Fazl, who is also the sister of President Asif Ali Zardari, highlighted the issue in Parliament coincidently after the president himself received a sharply worded letter from California Congressman Brad Sherman regarding the Faryal Shah case. The congressman urged the president to ensure the safe return of Faryal to her family as reports had pointed out that she had been abducted with the help of a PPP lawmaker.
The PPP leader picked an opportune moment to take up the cause of minorities in Pakistan as a non-governmental organisation also revealed that over 568 FIRs for forced marriages had been lodged last year in 40 districts of Pakistan with a majority of the cases filed in Sindh. According to a report compiled by the Free and Fair Election Network (Fafen), around 255 FIRs for assault or rape had been registered in 35 districts; another 173 for rape in 40 districts and 60 for offences related to marriage filed in nine districts.
Nafeesa Shah, another PPP MNA from Sindh, also endorsed her colleague’s push for minority rights, adding that the Parliament should introduce legislation on forced conversions.
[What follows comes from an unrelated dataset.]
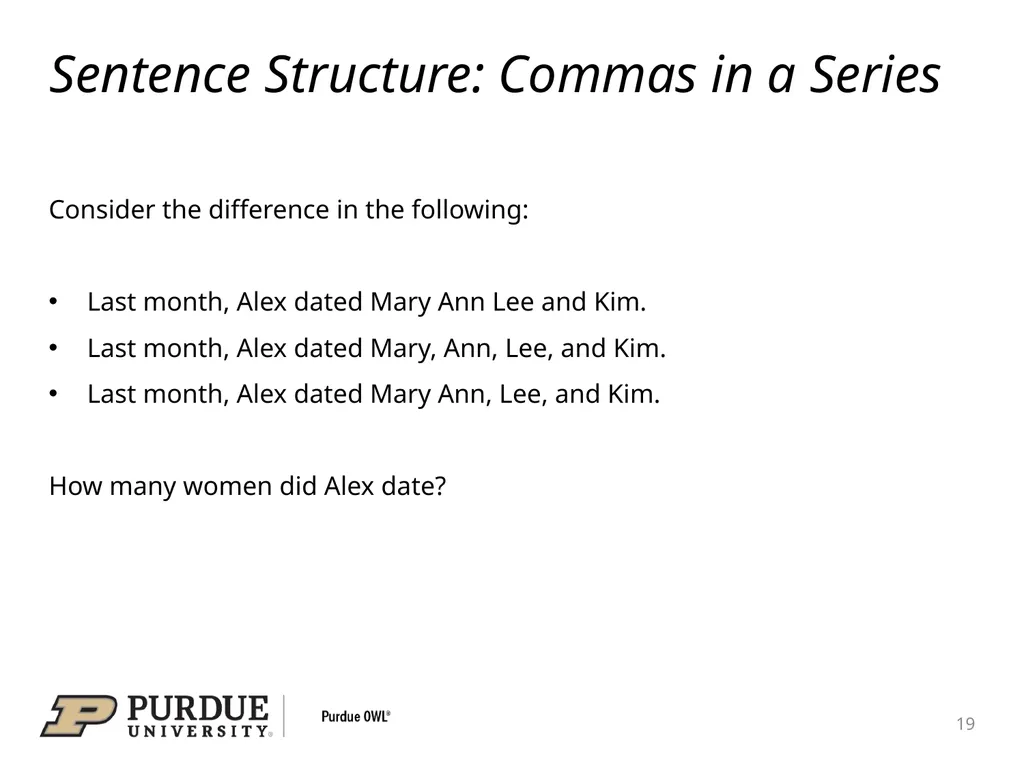 Conquering the Comma A comma is a punctuation mark - slide 19 of 26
Non-Muslims were being forced to accept Islam as reported by the media, she observed.
“Protection of the minorities should be ensured as it is enshrined in the Constitution.”
PPP MNA Mian Abdul Haq also informed the House that over 15 to 20 Hindu girls were forced to marry Muslim men and later asked to embrace Islam.
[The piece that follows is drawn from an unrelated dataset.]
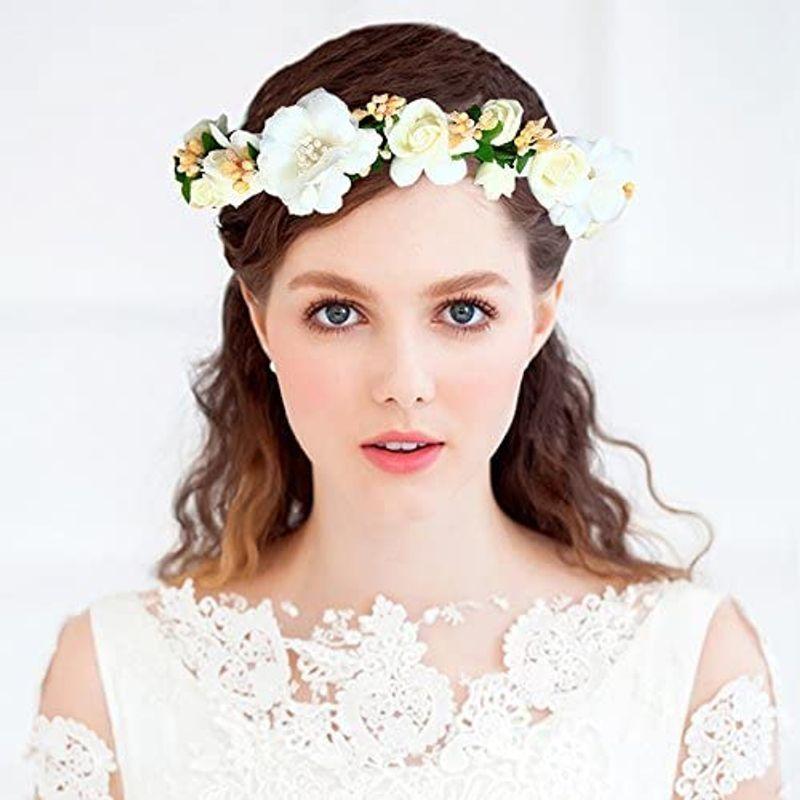 コサージュ 髪飾り 白 ヘッドドレス 2点セット リストレット 花かんむり バラ 花冠 花かんむり ウエディング Fhkan023cm 花冠 その他ヘアアクセサリー 人気商品は Pausecatcafe Co Uk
“This kind of act is stigma on our [Muslims’] face,” Haq added.
MNA Justice Fakharun Nisa stressed on the implementation of laws to solve the issue of minorities, adding that minority rights had to be protected at all cost.
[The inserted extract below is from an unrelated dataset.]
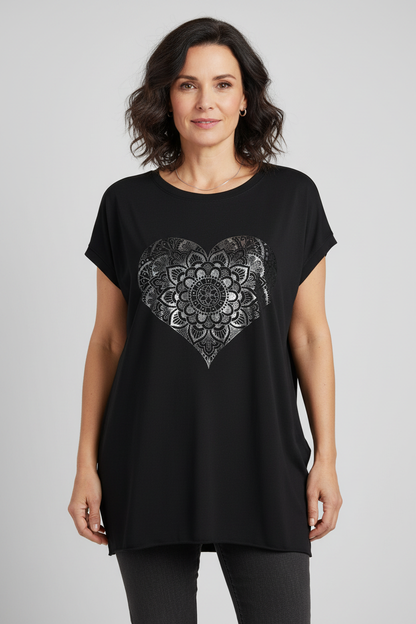 Silver Foil Heart Tunic Top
Majority of the lawmakers, including minority leaders Lal Chand and Mehish Kumar, expressed concerns over the kidnappings and forced conversions of Hindu girls.
Presenting a policy statement on floor of the House, minister of state for interfaith harmony and minorities affairs, Akram Masih Gill, said that the current government had taken unprecedented steps for the uplift and empowerment of minorities, including the fixation of a 5% quota in government jobs and the declaration of August 11 as ‘Minorities Day’ while Special Assistant to the Prime Minister Shahnaz Wazir Ali said that under the 18th Amendment, four seats had been reserved for minorities in the Upper House.
Pakistan Muslim League–Nawaz (PML-N) MNA Dr Araish Kumar contributed to the debate, informing the Parliament that minorities were being forced to take up Islamic studies in schools.
“Our students are being forced to read Islamiat in government schools,” Kumar said, adding “if they refuse to study Islamic studies, they are struck off by the school administration.”
Meanwhile, in protest against the rise in extortion and target killings in Karachi, Pakistan Peoples Party’s key coalition partner — Muttahida Qaumi Movement (MQM) walked out of the National Assembly on Thursday.
The party also went as far as to announce that it may boycott the joint session of Parliament on Saturday, which is going to be addressed by President Asif Ali Zardari.
Speaking on the point of order, MQM Leader Haider Abbass Rizvi said his party may not attend the joint session of Parliament if PPP doesn’t curb extortion and street crime in Karachi.
Transgenders enrolled for elections
Minister for Law, Justice and Parliamentary Affairs Maula Bux Chandio informed the National Assembly on Thursday that a total number of 782 transgenders have been enrolled with the Election Commission of Pakistan (ECP) for the upcoming general elections.
Transgenders, for the first time, will not only be able to exercise the rights to cast their votes but also be able to contest elections, Chandio told The Express Tribune.
Published in The Express Tribune, March 16th, 2012.